O sistema penal se dirige quase sempre contra certas pessoas, mais que contra certas condutas legalmente definidas como crime, priorizando a especulação “de quem” em detrimento “do que”. Isso significa que a criminalização em vez de ser constituída por variáveis que formalmente vinculam a tomada de decisões (os códigos e instrumentos) dos agentes de controle social (polícia, ministério público e juízes), são condicionadas por variáveis latentes e não legalmente reconhecidas que aderem à “pessoa do autor” (e da vítima).
Essas variáveis latentes são retroalimentadas pelos “estereótipos” de autores e vítimas, além de “teorias de todos os dias” (teoria do senso comum da delegacia, da promotoria ou da sala de audiência judicial) dos quais são portadores os agentes do controle social, sem desconsiderar os processos da estrutura organizacional e comunicativa do sistema penal (forma de tratamento dispensada à clientela, linguagem, posturas, regras de comportamento naquele ambiente etc.).

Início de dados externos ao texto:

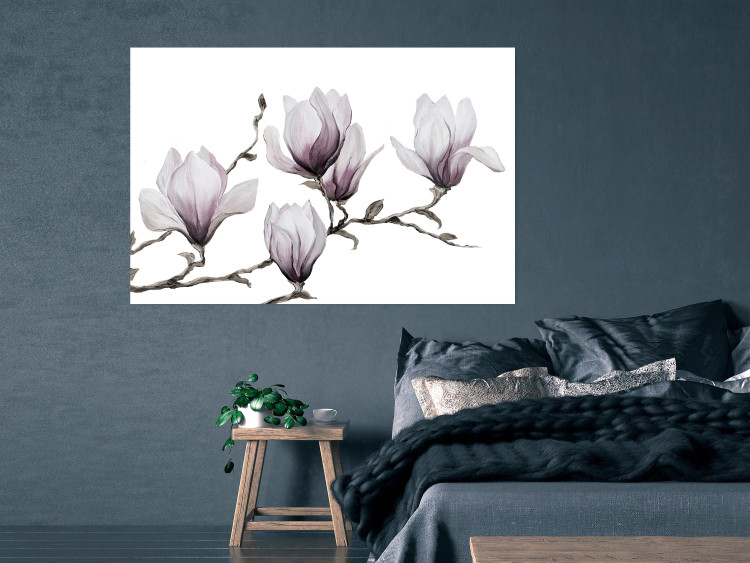 Poster Painted Magnolias - composition of plants with white flowers on a light background 128640 additionalImage 23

Sem dúvida que a criminalização ser constituída por tais variáveis gera associação aos pobres, baixo status social, cor, gênero etc.
A constatação e o reconhecimento desse código social extralegal servem de explicação para o fato de que a clientela do sistema penal é constituída de pobres e moradores da periferia (minoria criminal) não porque tenham uma tendência a delinquir, mas precisamente porque tem maiores chances de serem criminalizados e etiquetados como delinquentes. Logo, é importante ter como certo que o próprio sistema penal é gerador da desigualdade, porque reproduz a sina de repartir os bens sociais (renda, patrimônio, status etc.) em relação inversa e em prejuízo das classes sociais menos favorecidas. Criminalidade é o exato oposto dos bens sociais, e como tal é submetida a mecanismos de distribuição desigual.

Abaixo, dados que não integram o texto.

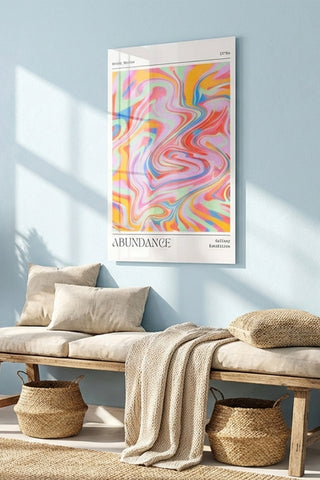 "Abundance" Retro Seri Soyut Cam Tablo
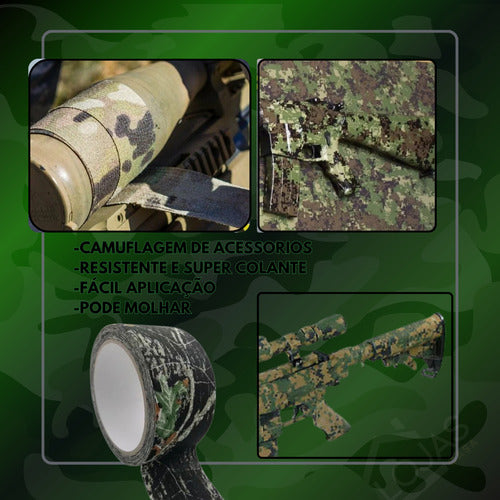 Fita Adesiva Camuflada Camuflagem Airsoft Paintbal Militar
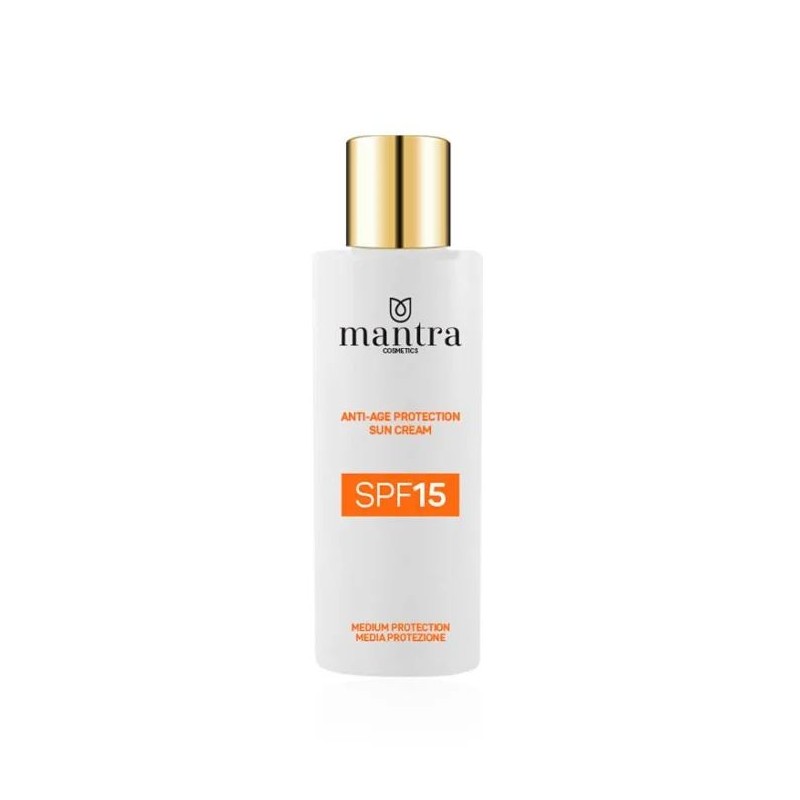 Dettaglio del packaging di Mantra Cosmetics Crema Anti-age SPF 15 protezione solare e anti-età 100ml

Em resumo: não passa de mito a concepção de que o sistema penal é direito igualitário, de maneira que é completamente equivocado o argumento que está na base da ideologia do direito penal como defesa da sociedade. “Em nível mais alto de abstração o sistema punitivo se apresenta como um subsistema funcional da produção material e ideológica (legitimação) do sistema social global; ou seja, das relações de poder e propriedade existentes, mais do que como instrumento de tutela de interesses e direitos particulares dos indivíduos” (2)
Trata-se, em conclusão, da recondução do sistema penal a um sistema seletivo classista e de violência institucional como expressão e reprodução da violência estrutural, isto é, da injustiça social.

Referência:
(1) BECKER, H. Los extraños. Buenos Aires: Tiempo Contemporáneo, 2001.
(2) BARATTA, A. Principios del derecho penal mínimo. Para uma teoria de los derechos humanos como objeto y limite de la ley penal. Doctrina Penal, Buenos Aires, n. 40, p. 447, 1987

___________. Criminologia crítica e crítica do direito penal. Trad. Juarez Cirino dos Santos. Rio de Janeiro: Revan, 1997.